- _ASSIGNMENT_: Copy every entry in the listing below exactly, but not the pictures.

- _EXERCISE INPUTS_:

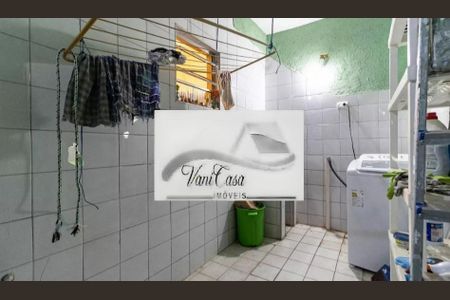 Casa à venda com 3 quartos, 100m² em Cursino, São Paulo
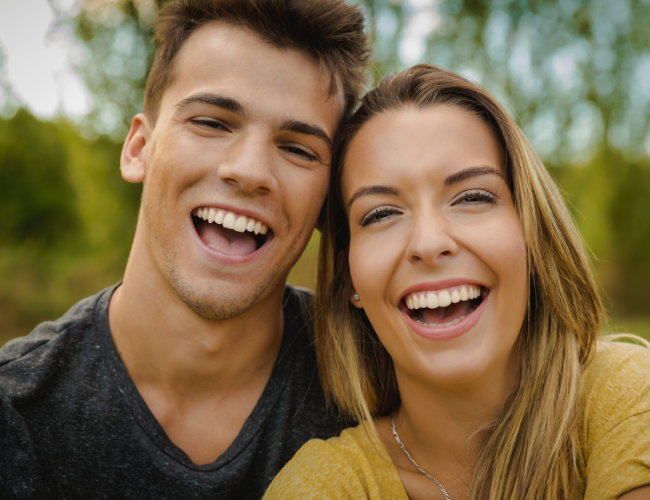 Benefits of Same-Day Dentistry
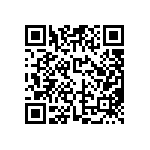 FW-06-05-L-D-320-180-A QRCode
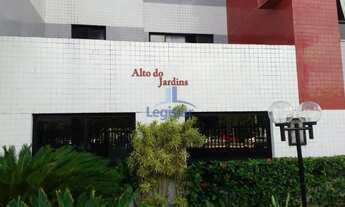 Imagem 2: Residencial Alta Vista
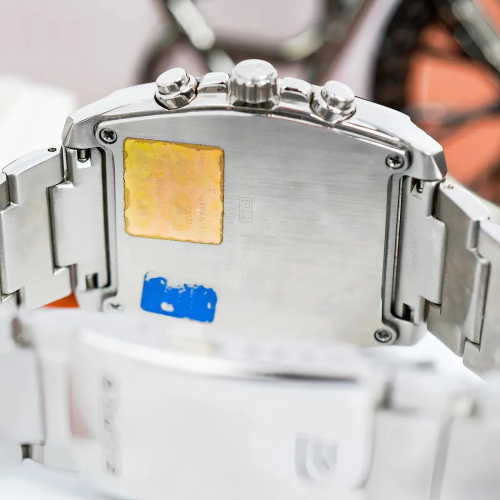 Đồng Hồ Casio Nam EFR-524D-5AVDF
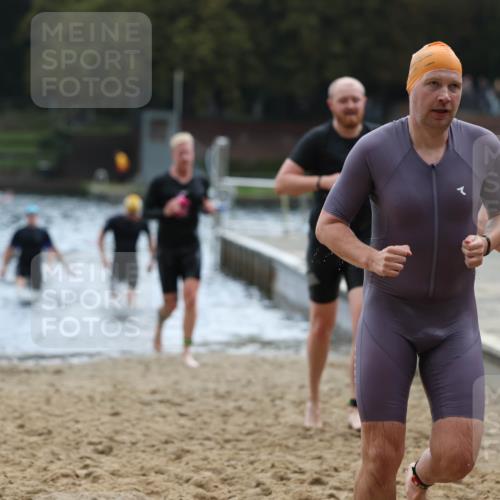 13.09.2026 - Stadtparktriathlon Mo-Foto http://msf.ph/oto/10257612 13.09.2026 11:34:30 Schwimmen 854, 856, 863, 887, 920, 925, 928, 934 meine-sportfotos.de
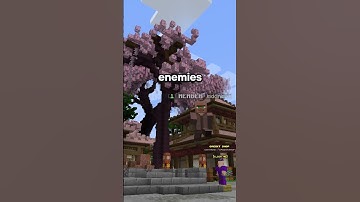 Minecraft MODS join now port 19132 if needed #minecraft #avatar #minecraftserver #minecraftmods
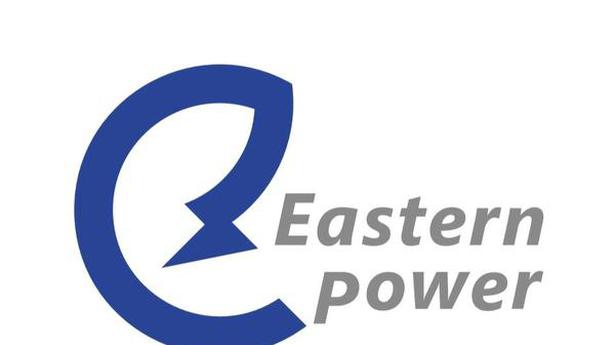 Eastern Discom takes over business of two RESCOs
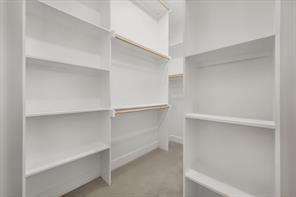 117 Yvonne Street - Photo 29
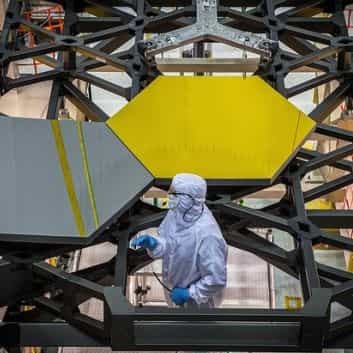 Diploma-in-Public-Relations-for-the-Technology-Sector-Distance-Learning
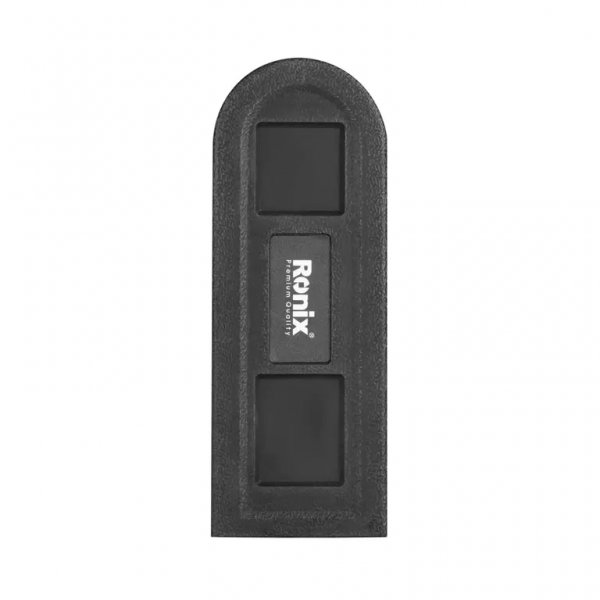Ronix 8651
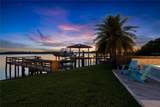 1800 Indian River Road - Photo 15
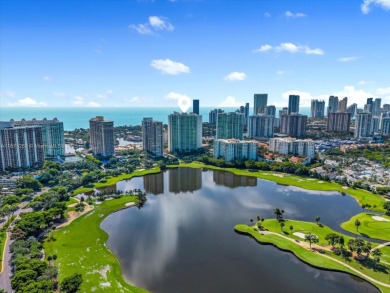Spectacular 3-bedroom, 5-bath residence in the highly on Turnberry Isle Resort and Club in Florida - for sale on GolfHomes.com, golf home, golf lot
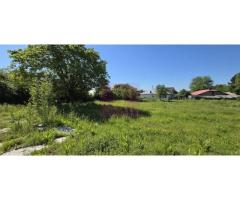 Teren intravila 40.679 mp in Campina, dezvoltare imobiliara - Imagine 5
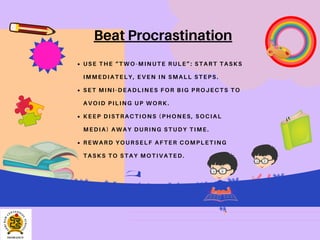 Time Management Tips for High School Students.pdf
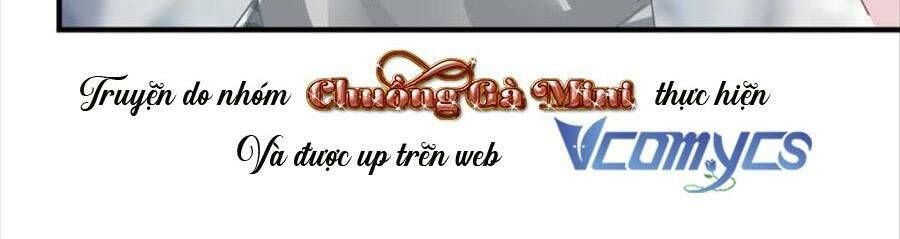 Bảo Bối Tâm Gan Của Lão Đại Xuyên Không Trở Lại Rồi: Chapter 104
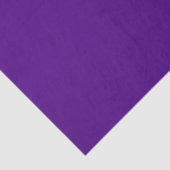 ミニマルモダンリスト藍紫 薄葉紙 (詳細)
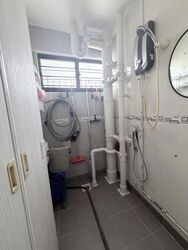 Blk 534 Bedok North Street 3 (Bedok), HDB 3 Rooms #609642531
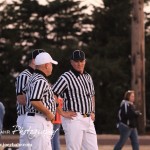 OB_vs_Moscow_11-1-11_0245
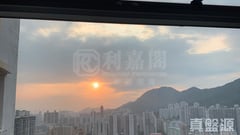 悅庭軒 2座 極高層 D室 九龍灣/牛池灣/鑽石山/黃大仙
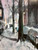Asya Livshits: Snow in Philadelphia Art & Artists BoxHeart Gallery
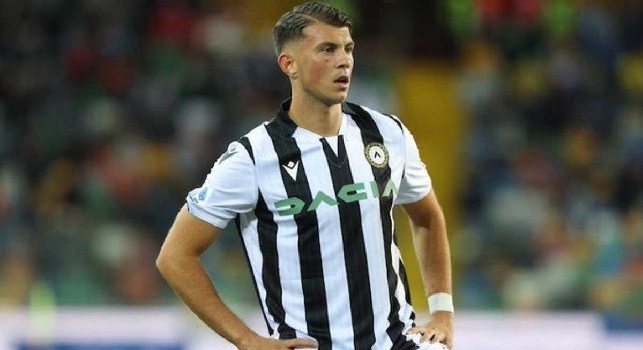 Samardzic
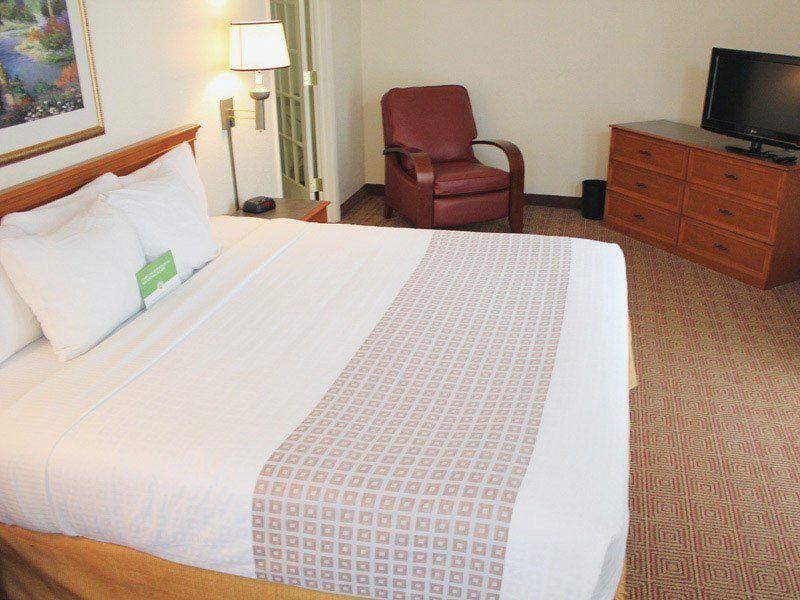 La Quinta Inn By Wyndham Miami Airport North Miami Springs Стая снимка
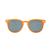 Despada Kids DS 2254 C3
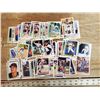 Image 1 : 60+ Upper Deck baseball cards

- _RESPONSE TO THE TASK_:
 Casa à venda com 3 quartos, 100m² em Cursino, São Paulo
 Benefits of Same-Day Dentistry
 FW-06-05-L-D-320-180-A QRCode
 Imagem 2: Residencial Alta Vista
 Đồng Hồ Casio Nam EFR-524D-5AVDF
 13.09.2026 - Stadtparktriathlon Mo-Foto http://msf.ph/oto/10257612 13.09.2026 11:34:30 Schwimmen 854, 856, 863, 887, 920, 925, 928, 934 meine-sportfotos.de
 Minecraft MODS join now port 19132 if needed #minecraft #avatar #minecraftserver #minecraftmods
 Eastern Discom takes over business of two RESCOs
 117 Yvonne Street - Photo 29
 Diploma-in-Public-Relations-for-the-Technology-Sector-Distance-Learning
Ronix 8651
 1800 Indian River Road - Photo 15
Spectacular 3-bedroom, 5-bath residence in the highly on Turnberry Isle Resort and Club in Florida - for sale on GolfHomes.com, golf home, golf lot
 Teren intravila 40.679 mp in Campina, dezvoltare imobiliara - Imagine 5
 Time Management Tips for High School Students.pdf
 Bảo Bối Tâm Gan Của Lão Đại Xuyên Không Trở Lại Rồi: Chapter 104
 ミニマルモダンリスト藍紫 薄葉紙 (詳細)
 Blk 534 Bedok North Street 3 (Bedok), HDB 3 Rooms #609642531
 OB_vs_Moscow_11-1-11_0245
 悅庭軒 2座 極高層 D室 九龍灣/牛池灣/鑽石山/黃大仙
Asya Livshits: Snow in Philadelphia Art & Artists BoxHeart Gallery
 Samardzic
 La Quinta Inn By Wyndham Miami Airport North Miami Springs Стая снимка
 Despada Kids DS 2254 C3
 Image 1 : 60+ Upper Deck baseball cards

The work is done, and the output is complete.